Available data –
*** Begin section ***
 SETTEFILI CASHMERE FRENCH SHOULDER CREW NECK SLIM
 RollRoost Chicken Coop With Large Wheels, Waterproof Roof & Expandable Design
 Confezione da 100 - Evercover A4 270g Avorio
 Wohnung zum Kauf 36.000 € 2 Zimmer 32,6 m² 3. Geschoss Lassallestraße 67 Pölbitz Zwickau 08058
*** End section ***
*** Begin section ***
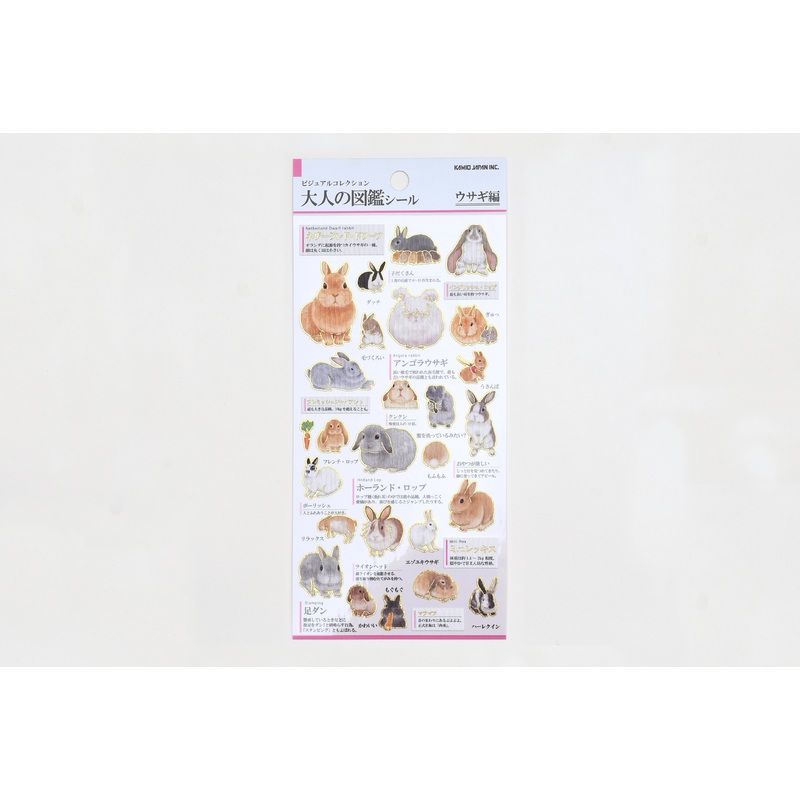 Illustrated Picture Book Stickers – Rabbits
*** End section ***
Work instruction – The response should be the listing above, limited to the lines between the one holding "Confezione da 100 - Evercover A4 270g Avorio" and the one holding "Wohnung zum Kauf", inclusive, reproduced exactly.

Worked solution –
 Confezione da 100 - Evercover A4 270g Avorio
 Wohnung zum Kauf 36.000 € 2 Zimmer 32,6 m² 3. Geschoss Lassallestraße 67 Pölbitz Zwickau 08058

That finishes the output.